Paulo Ghiraldelli Jr.*
Nossa
imprensa é mais ideológica que informativa, se comparada com a imprensa
de outras democracias ocidentais. A razão disso é que, por questões
culturais e educacionais, carecemos de um grande público leitor de
jornais e revistas. Um grande público naturalmente busca informações
sobre negócios, serviços, oportunidades e entretenimento, mas não temos
isso e, então, nossa mídia fica refém de um público menor, mais
escolarizado e muito preocupado em se mostrar para si mesmo como
“crítico”. A maneira que esse grupo busca se diferenciar do que chama de
“o povo” ou “o povão” (“a patuléia”, dizia-se no passado), é exatamente
por meio da detenção de uma visão politizada de quase tudo,
identificando as visões dos que seriam os não leitores como “ingênua”.
Esse público divide-se facilmente em esquerda e direita.
Como a questão não é ser filosoficamente crítico
e, sim, dar a impressão para outros e para si mesmo que se é crítico,
então, o caminho é ampliar ao máximo a politização, de modo a marcar
posição para tudo, antecipadamente, o que é facilmente confundido com
“inteligência” e “crítica”. Isso é feito à esquerda e à direita.
Jornalistas saem na frente fazendo isso, produzindo notícias com clara
tendência ideológica. Depois, alguns professores universitários aderem,
produzindo comentários ideológicos. Enfim, a população leitora se divide
em esquerda e direita, realimentado sempre as mesmas posições e
interpretações do que ocorre, independente da mudança de rumos da vida
social e política.
Isso explica bem nossas revistas, em especial a Veja e a Carta Capital ou a Isto é.

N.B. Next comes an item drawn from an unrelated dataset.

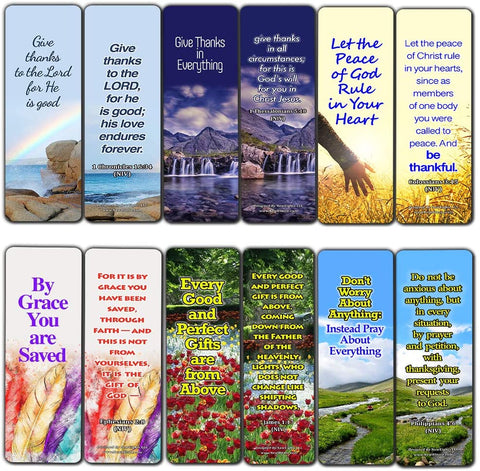 Thankful Bible Verses Bookmarks (60 Pack) - Perfect Giveaways for Sunday School and Ministries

Os partidos e governos não precisaram cooptá-las, bastou que eles
existissem para que elas mesmas se oferecessem para cumprir funções
partidárias de tal modo exageradas que, às vezes, até mesmo os políticos
que são beneficiados se envergonham das manchetes. E isso explica,
também, os comentaristas políticos que nunca emitem opinião que não seja
sempre a mesma. Por exemplo, nunca se vê o jornalista Neumanne Pinto
conseguir tirar algo de bom de qualquer governo do PT ou das esquerdas.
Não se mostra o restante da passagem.